HDP’lilere yönelik son operasyonda sosyalist
hareketin tepkisini en iyi Canan Kaftancıoğlu özetlemiştir. Kobanê eylemleriyle
ilgili operasyonda bir Kobanê eylemi süreci yaşanmasın diye saniyesinde bir
tweet atılmış, herkes onunla oyalanmış, bu tweette Kaftancıoğlu kurtuluş yolunu
göstermiştir: Seçim!
Oysa kurallarını ve sınırlarını devletin
belirlediği bir kutuya bir kişi olarak atılan bir pusula, hiçbir şeyi
değiştiremez. Değiştireceğine inanmak, küçük burjuvanın kendi yanılsamasıdır.

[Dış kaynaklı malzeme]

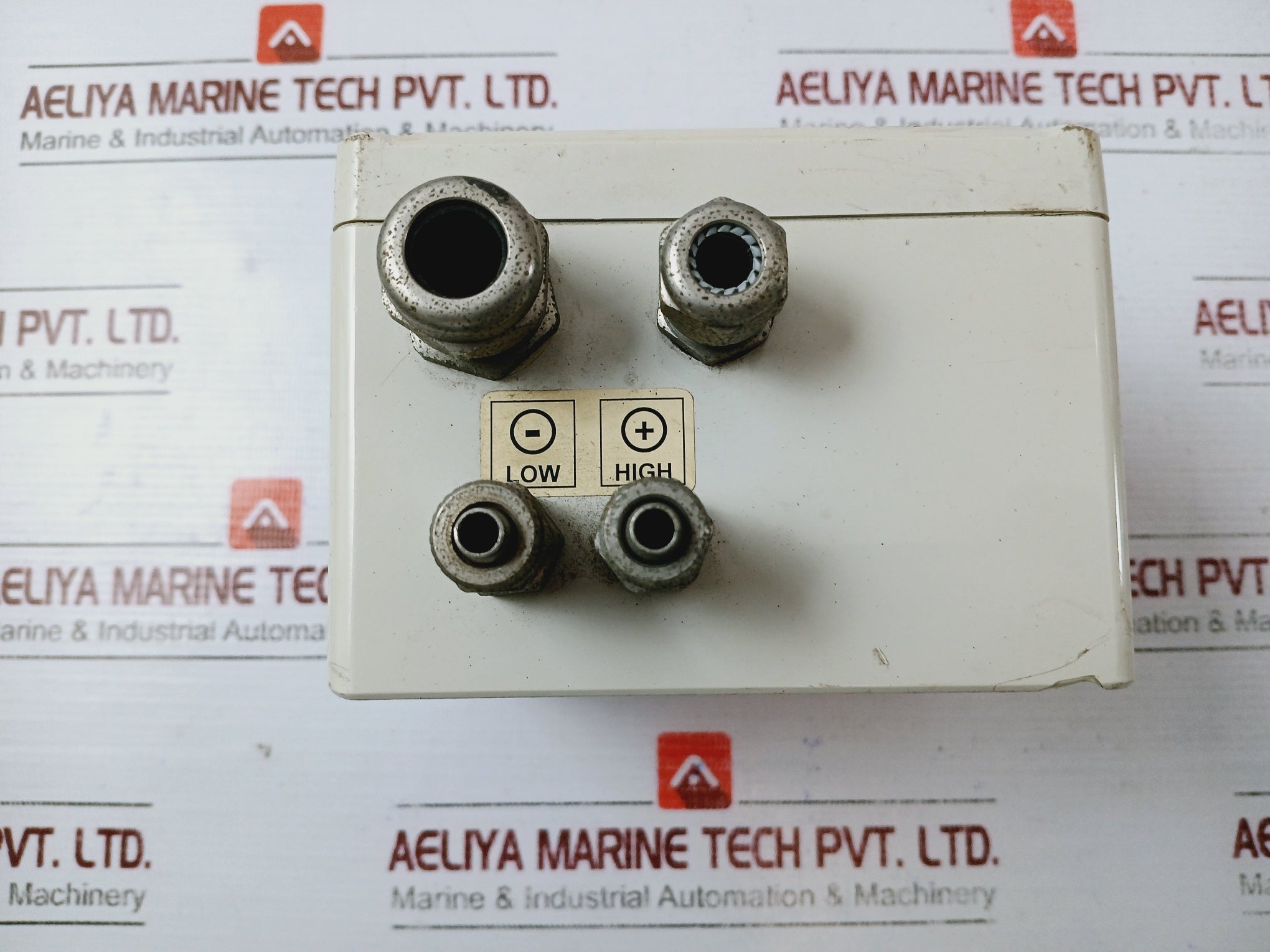 Micatrone Mf-pd Pressure Transmitter, 0608 29334-045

Kurtuluş, kolektif davada ve o davanın kolektif mücadelesinde aranmalıdır.
Kaftancıoğlu, bu tweet’iyle gerekli yerlere devlet adına mesajını iletmekte,
bireylere “taşkınlık yapmayın, olaylara karışmayın!” talimatı vermektedir. O,
bu sebeple il başkanıdır.
Devletin işleyişi dâhilinde CHP ve AKP, el ele kol
koladır. Küçük burjuvazi, bu işleyişe itiraz edemez. O, 2010’a kadar Kemalizmin
demokratlaşmasını, 2010’dan sonra demokratların Kemalistleşmesini istemekten
başka bir şey yapamaz. Onun görevi, “demokrasiyi ve rejimi kurtarmak”tır.[4]

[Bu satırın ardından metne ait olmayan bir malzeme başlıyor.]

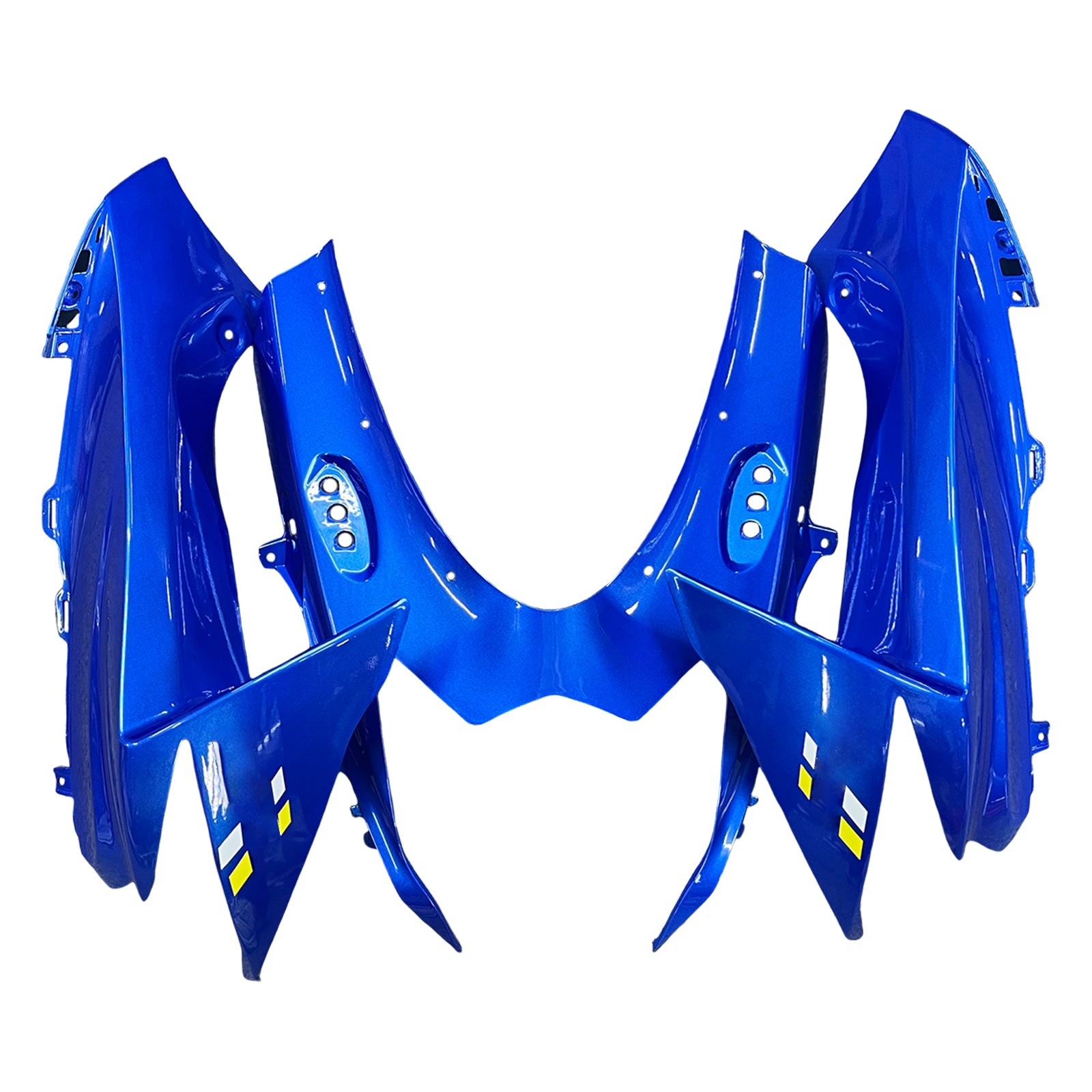 Injection Fairing Kit Bodywork Plastic For Suzuki GSXR600 GSXR750 2011-2026 K11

Küçük burjuvazi, devletten de sermayeden de vazgeçemez. Demokrasinin ve rejimin
sınırsız ve sınıfsız olduğu fikrini yaymakla görevlidir. Onun öfkesi, kahvenin
dökülmesi ve kabızlıkla sınırlıdır!
* * *
“Kapitalist ekonomi küçük burjuvaziyle sürekli
kaçamaklı konuşur. Onun üyelerinin hem sırtını sıvazlar hem de onların burnunu
sürter.”[5] Küçük burjuvazinin görevi, “yukarıdaki on binin toplumsal güvenliğini
ve gücünü artırmaktır.”[6]
“Küçük burjuvayı iki şey tehdit eder: sermayedeki
yoğunlaşma, devrimci proletaryanın güçlenmesi.”[7] Türkiye’de de devlet, küçük
burjuvanın sırtını sıvazlamaya, bazen burnunu sürtmeye mecburdur. İlki CHP’nin,
ikincisi AKP’nin işidir.
Devlet, tek dümene, tek gemiye ve tek rotaya bağlı
hâle gelince ortaya çıkacak gerilimleri kontrol altına almanın ve onları yumuşatmanın
bir yolu olarak küçük burjuvaziye rol bahşedilmiştir. Dümen, gemi ve rota
konusunda oluşan gerilimde küçük burjuvaziye tüm muhalefet alanı terk
edilmiştir. Bu anlamda küçük burjuvaların sızlanmalarına fazla anlam
yüklenmemelidir. Yapılması gereken başka şeyler vardır, olmalıdır.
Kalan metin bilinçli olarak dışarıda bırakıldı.